From electrical engineer to Terna's country manager for Peru. From Naples to Lima, passing through SDA Bocconi. The turning point forCorrado Cimino, 44, is contained in that EMBAWE he learned about in an almost fortuitous way, from an advertising banner on Il Sole 24 Ore, just as he was looking for a tool to invest in himself. But let's take a step back: "My training was purely technical," says the alumnus.

"I got an apprenticeship at Terna, and as I consolidated my career, moving to positions of regional responsibility and then to Southern Italy in asset management, I realized that I lacked the right tools for a role that was becoming more managerial. Above all, I did not see myself in any other business area and in any other position that was not, at best, that of my manager." Corrado felt a need, but having never even heard of a Master in Business Administration, he didn't know how to satisfy it.

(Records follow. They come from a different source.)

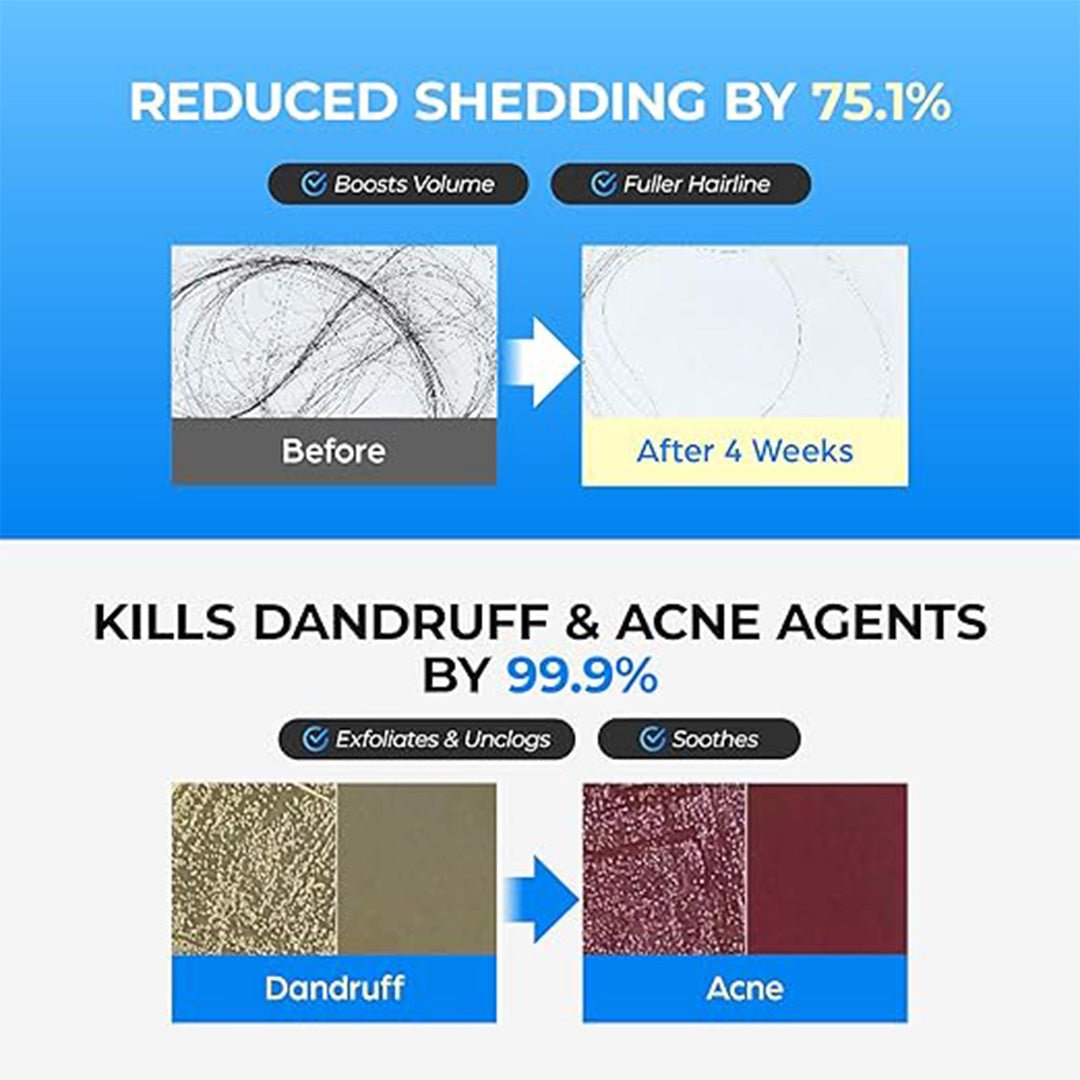 Seapuri Scalpy Bubble Hair Growth Tonic 100ml - Beauty Tribe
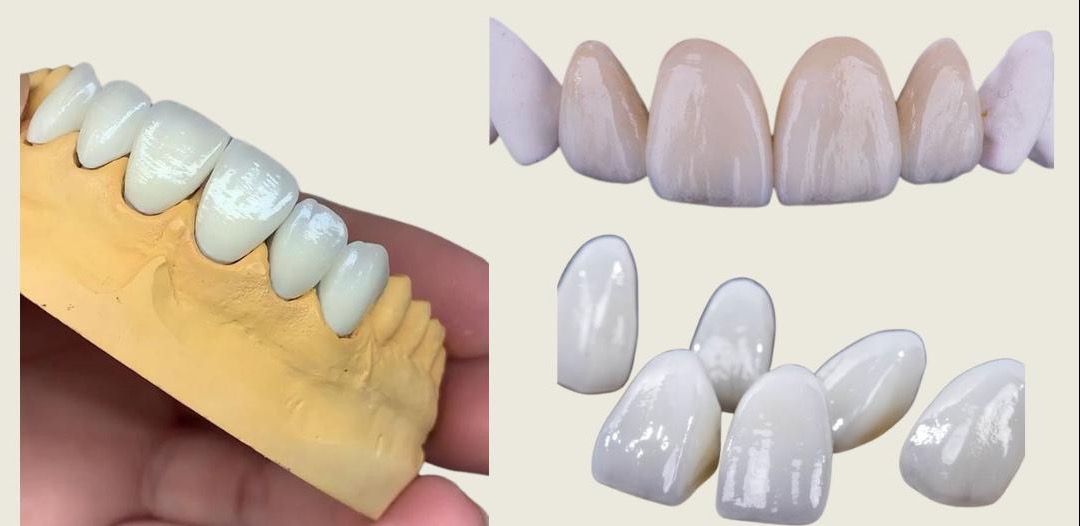 Fațete dentare ceramice, pe model și separat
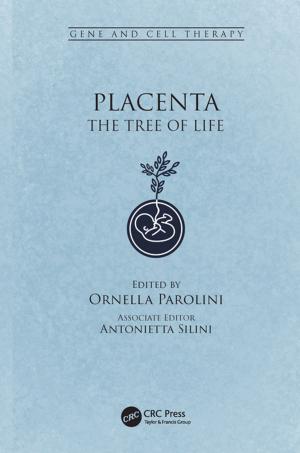 Cover of the book Placenta by Glen D. Gillen, Katharina Gillen, Shekhar Guha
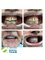 Costa Rica Dental Team - full mouth restoration with crowns 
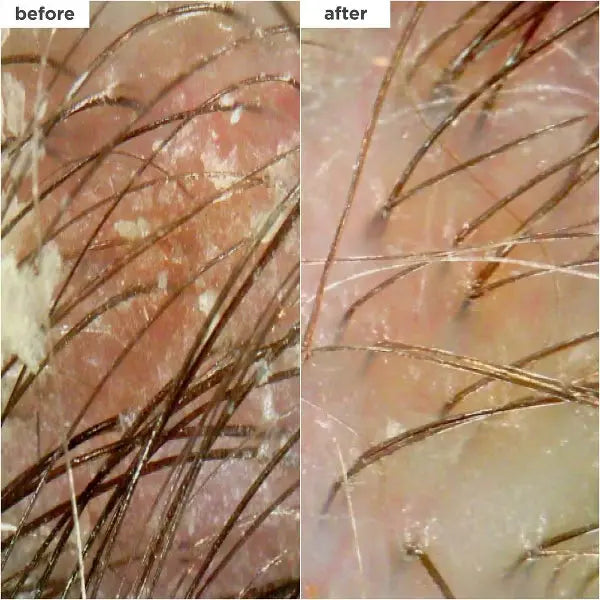 Briogeo Scalp Revival Charcoal + Coconut Oil Micro Exfoliating Scrub 8oz Briogeo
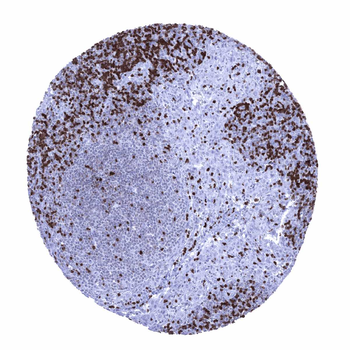 ZAP-70 antibody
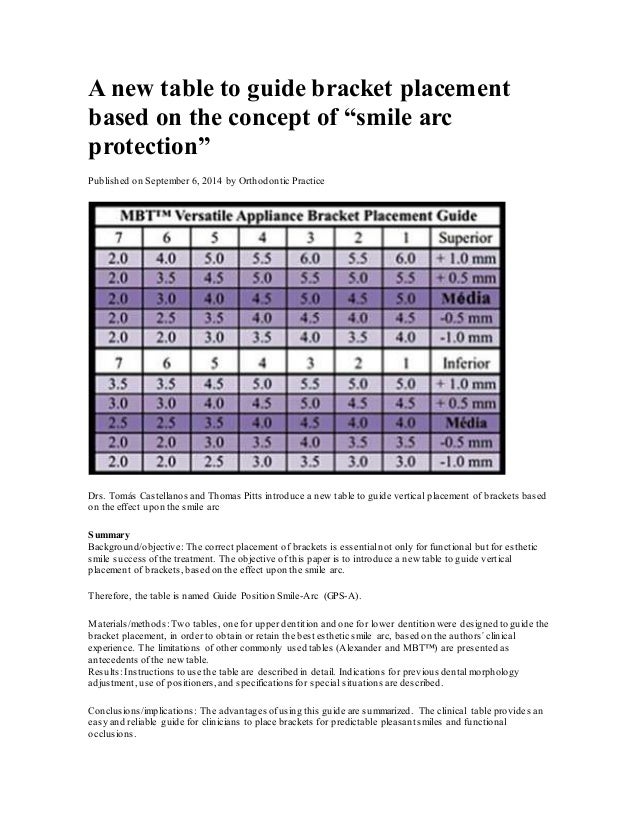 smile arc protection a new table to guide bracket placement based on
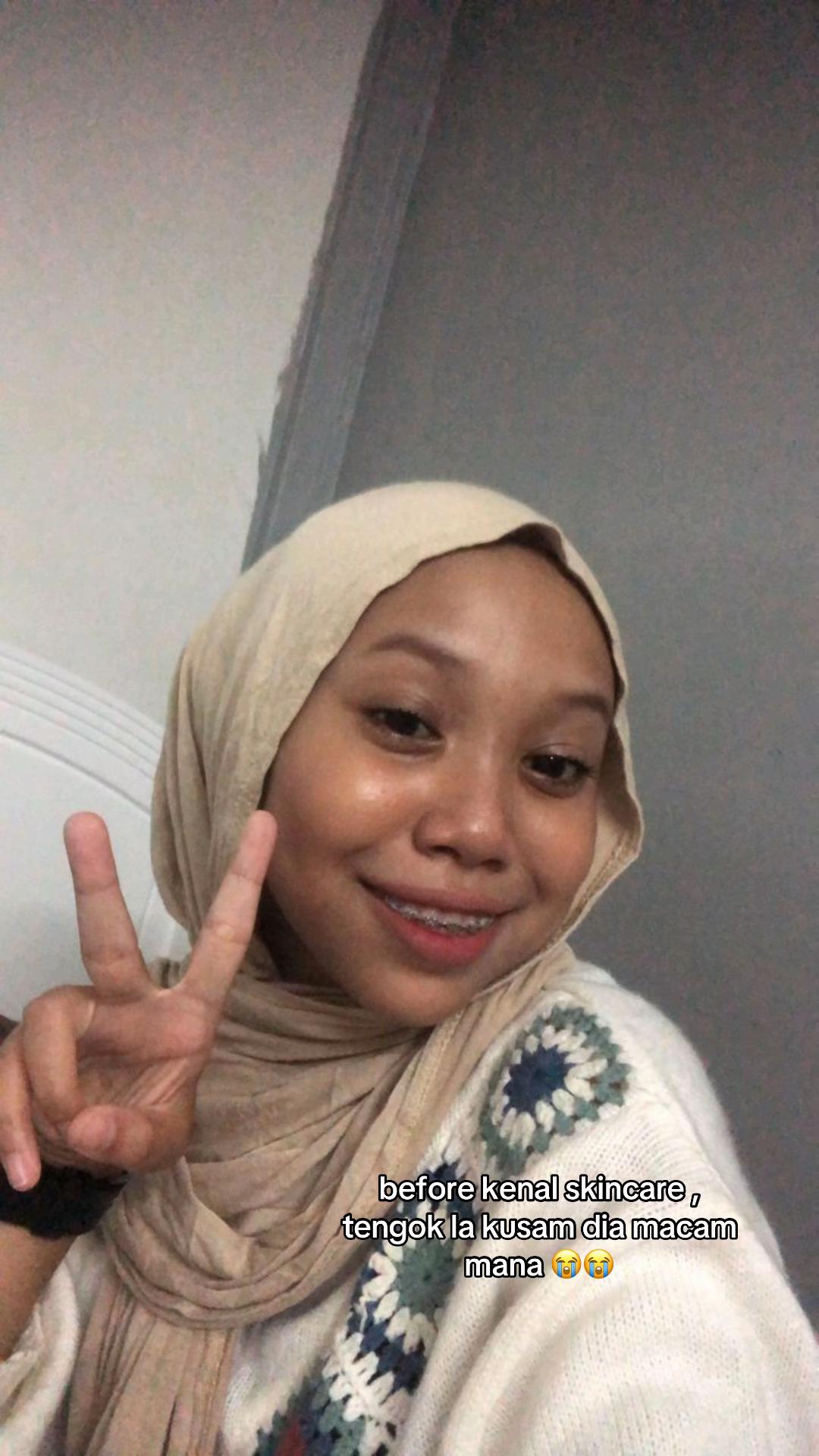 @peaa ๐ค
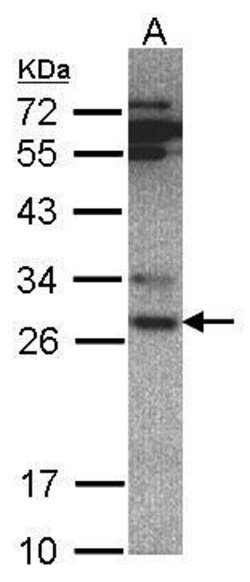 Invitrogen PSMA6 Polyclonal Antibody 100 μL; Unconjugated:Antibodies,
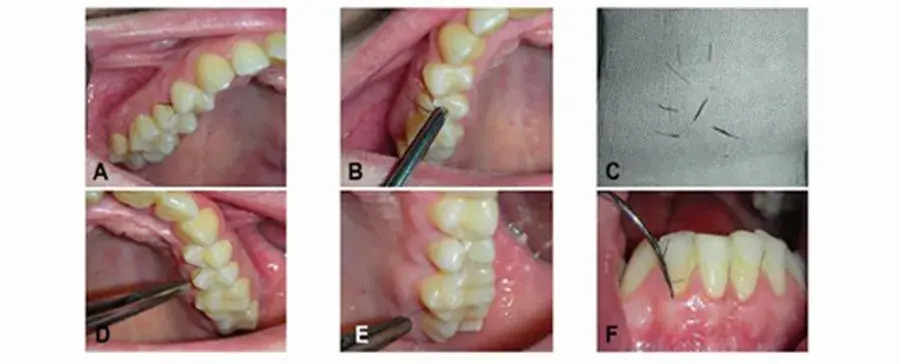 Фото: Zhurakivska etal., OOOOJournal, 2020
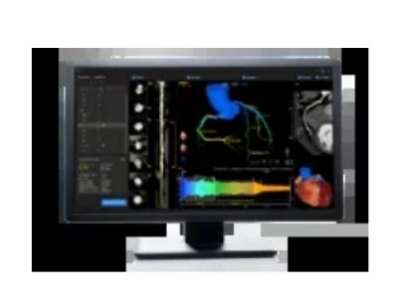 AngioPlus Core 定量血流分?jǐn)?shù)測(cè)量軟件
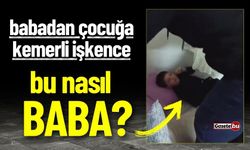 Bu Nasıl Baba? Çocuğuna Kemerle İşkence Etti!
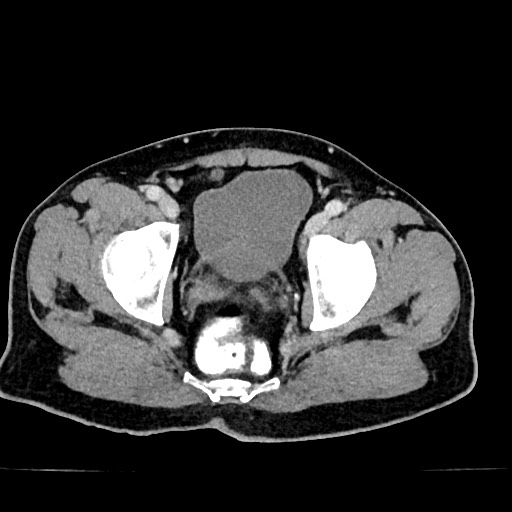 File:Acute appendicitis (Radiopaedia 77016-88960 Axial C+ portal venous phase 130).jpg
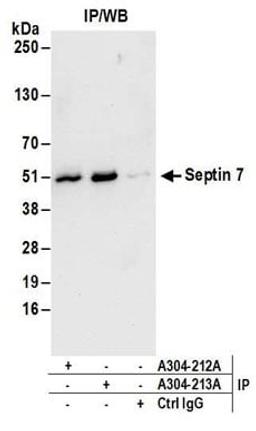 Detection of human Septin 7 by western blot of immunoprecipitates.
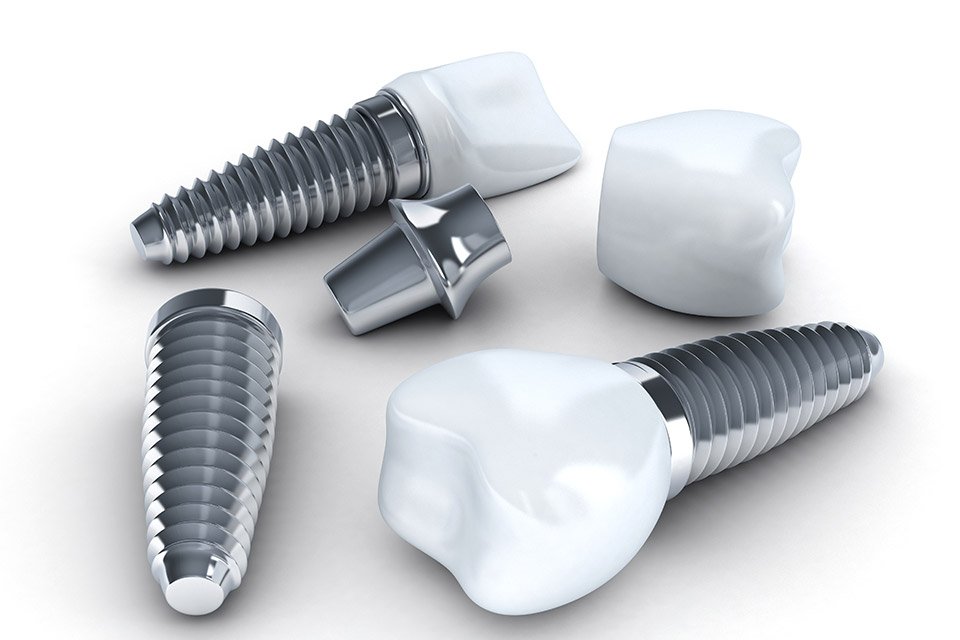 dental implants - Texarkana, TX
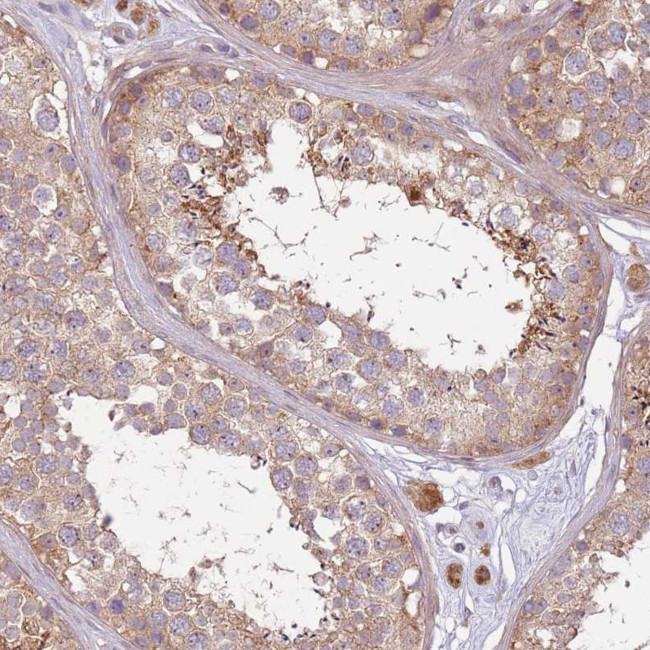 C14orf126 Antibody in Immunohistochemistry (IHC)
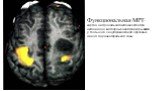 Функциональная МРТ: карта нейрональной активности при активации моторных центров коры мозга у больного с внутримозговой опухолью левой парацентральной зоны.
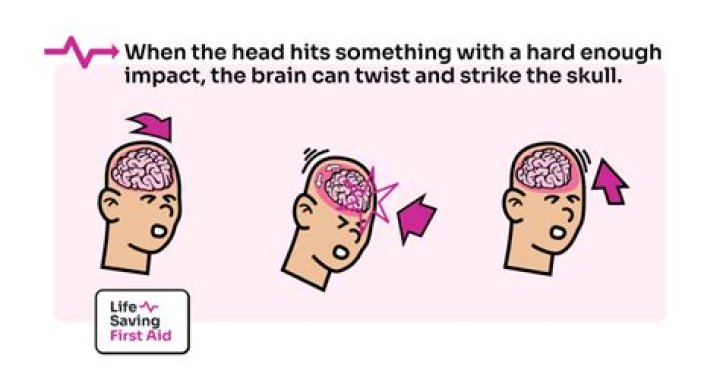 Unveiling The Critical Reasons: Why Hitting The Back Of The Head Is Illegal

"Until I read an advertisement in Sole 24 Ore, which promoted the EMBAWE formula, which would allow me to continue working." Corrado knew Enzo Baglieri and his team: "For me, especially at the beginning, it was a wonderful carousel, I couldn't believe I was part of it," he recalls. "I already had two daughters and I was trying to convey to them the importance of the investment I was making in myself. I succeeded, although at first it was strange for them to see a father studying at home."

Months of hard work "in which I experienced first-hand how much what I was learning in Milan completed me as a manager and how much, before the Master, it would have been reckless to go and claim positions in the company without that preparation." And since, as Corrado points out, "There is no luck, but only the moment when merit meets opportunity," the creation of a small 'emergency' within Terna was an opportunity for him. "In 2019, the need arose to identify a country manager for Peru. 'Who better than Corrado?' Thought the HR." They call him one afternoon, while he was in the car with his daughter, who was ten years old at the time: "she immediately told me to accept.

"In that moment, when they thought of me, I immediately glimpsed the possibility of putting into play all that new world of knowledge that I had learned. Furthermore, SDA Bocconi gave me inspiration and, as Mandela says, inspiration is needed to exceed one's expectations. Before the master I would not have had the courage to set myself certain goals. After that I was able to do it, to promote myself and to convince others to believe in me."